Annuity: Annuity plans are designed to provide retirement income to the plan owner if he lives beyond the expected lifespan. Annuities provide tax-deferred savings for retirement income. While the annuity does have a death benefit to beneficiaries, it is not tax-free. Annuities are generally referred to as deferred, immediate or longevity annuity plans.

  • Deferred Annuity: The deferred annuity is just as it sounds. The income is deferred after premiums are paid until a later date, perhaps several years. Deferred annuities are further broken down into fixed (traditional, Fixed Indexed (FIA) and the Variable annuity. The main differences in the types of deferred annuity plans are in how the interest is earned and whether the individual is looking to make a safe investment or are looking for market-like returns with greater accumulation value potential.
  • Immediate Annuity: The immediate annuity pays benefits starting no later than one year after you have paid your premium to the insurance company. Most immediate annuities are purchased with a one-time, lump-sum payment and are designed to begin paying out no later than one year after the premium has been paid. This annuity plan is designed for people looking to a guaranteed income for life.
  • Longevity Annuity: A longevity annuity plan is a type of fixed-income annuity which can be issued at any age with income deferred up to 45 years. Typically, plans of this type do not plan out until the holder is 80 years of age or older. Think of it as a supplemental pension plan that can kick in once your regular retirement plan may be declining in its payout or have stopped altogether.

Which Plan Is Better?

The key in determining which plan is right for you — annuity or life insurance — is to look at your purpose.

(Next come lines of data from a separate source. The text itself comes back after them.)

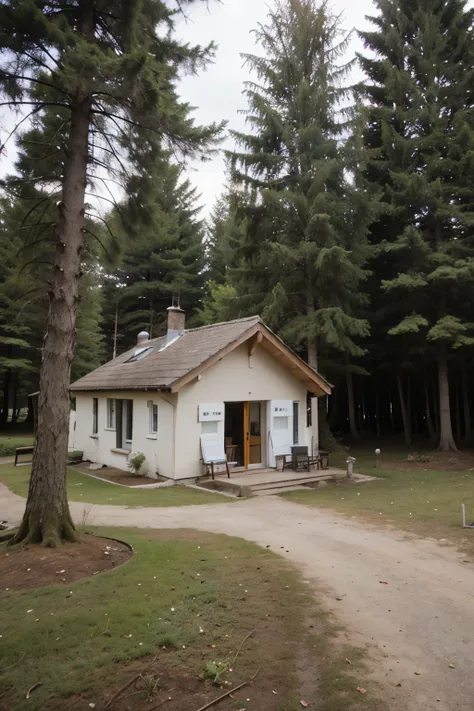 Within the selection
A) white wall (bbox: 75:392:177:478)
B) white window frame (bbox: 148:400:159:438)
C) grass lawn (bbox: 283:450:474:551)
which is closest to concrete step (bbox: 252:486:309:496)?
grass lawn (bbox: 283:450:474:551)

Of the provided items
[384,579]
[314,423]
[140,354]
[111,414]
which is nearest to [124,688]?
[384,579]

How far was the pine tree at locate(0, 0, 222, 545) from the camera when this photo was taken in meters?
6.56

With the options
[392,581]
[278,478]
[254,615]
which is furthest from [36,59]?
[278,478]

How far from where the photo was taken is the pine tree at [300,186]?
19.7 m

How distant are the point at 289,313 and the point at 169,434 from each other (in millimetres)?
9064

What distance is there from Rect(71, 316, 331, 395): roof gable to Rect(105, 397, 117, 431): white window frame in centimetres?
69

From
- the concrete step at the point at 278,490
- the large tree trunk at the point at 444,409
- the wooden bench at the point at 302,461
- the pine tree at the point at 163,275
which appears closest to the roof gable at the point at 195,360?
the wooden bench at the point at 302,461

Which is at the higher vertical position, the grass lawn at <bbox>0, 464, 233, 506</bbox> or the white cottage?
the white cottage

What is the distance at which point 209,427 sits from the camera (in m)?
15.5

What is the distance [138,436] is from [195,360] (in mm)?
3664

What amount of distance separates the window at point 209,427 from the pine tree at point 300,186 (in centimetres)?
598

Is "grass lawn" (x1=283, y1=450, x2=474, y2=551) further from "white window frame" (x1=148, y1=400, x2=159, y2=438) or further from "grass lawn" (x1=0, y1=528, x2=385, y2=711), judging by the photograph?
"white window frame" (x1=148, y1=400, x2=159, y2=438)

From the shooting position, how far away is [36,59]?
6992mm

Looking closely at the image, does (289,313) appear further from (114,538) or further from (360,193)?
(114,538) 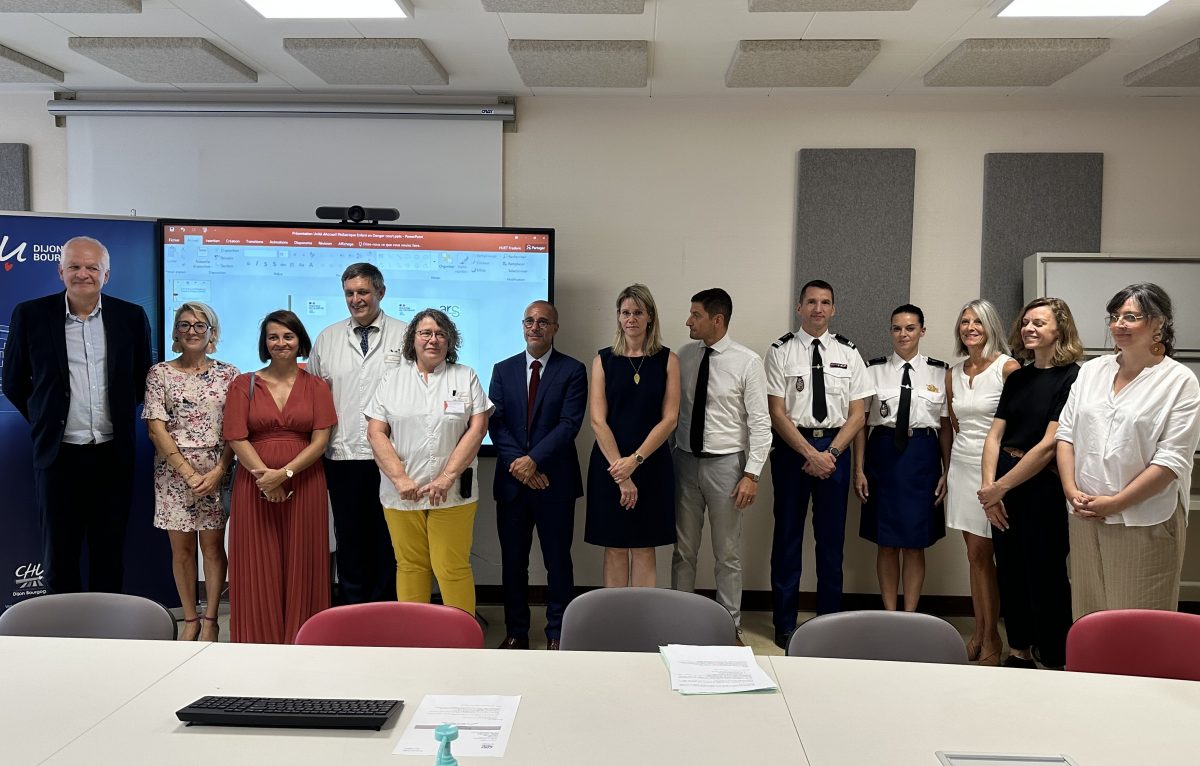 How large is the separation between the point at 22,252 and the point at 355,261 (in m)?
1.62

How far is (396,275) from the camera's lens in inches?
169

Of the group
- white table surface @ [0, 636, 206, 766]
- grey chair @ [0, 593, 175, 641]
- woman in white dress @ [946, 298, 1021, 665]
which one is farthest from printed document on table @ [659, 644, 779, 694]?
woman in white dress @ [946, 298, 1021, 665]

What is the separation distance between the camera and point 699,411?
3.85 m

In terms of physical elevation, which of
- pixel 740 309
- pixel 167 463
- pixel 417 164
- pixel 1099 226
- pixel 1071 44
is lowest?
pixel 167 463

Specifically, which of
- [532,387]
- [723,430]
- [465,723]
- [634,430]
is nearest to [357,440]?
[532,387]

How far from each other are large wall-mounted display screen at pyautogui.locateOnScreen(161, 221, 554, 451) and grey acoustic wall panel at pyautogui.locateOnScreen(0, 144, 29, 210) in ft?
4.42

If your main purpose is to help your dependents and other beneficiaries pay for your final expenses, bills and have remaining money left to live on, your best bet is life insurance since this is passed on tax-free to your beneficiaries.

On the other hand, if you are looking for a plan that offers you a retirement income then you should be considering annuities.

The annuity offers tax-deferred savings and retirement income. Simply put — life insurance protects your loved ones if you die prematurely while the annuity protects your income if you live longer than expected.

Both plans do provide death benefits but each is a very different option with different purposes. If you need guidance in deciding if a life insurance plan or annuity is right for you, consult a life insurance or annuity planning consultant to discuss all the options.

Where Can You Buy a Life Insurance/Annuity Plan for Retirement Income?

There are many reputable companies offering both life insurance and annuity plans. You can find a company either on your own or through your own insurance agent. If doing the search yourself, consider some of these top-rated companies offering both plans when comparing rates: AIG, Symetra, Sagicor, Americo, American Fidelity, New York Life, Bankers Life and Casualty, and more.

Be sure to check out the company’s financial strength ratings and customer service record with insurance rating organizations such as A.M. Best and J.D. Power & Associates.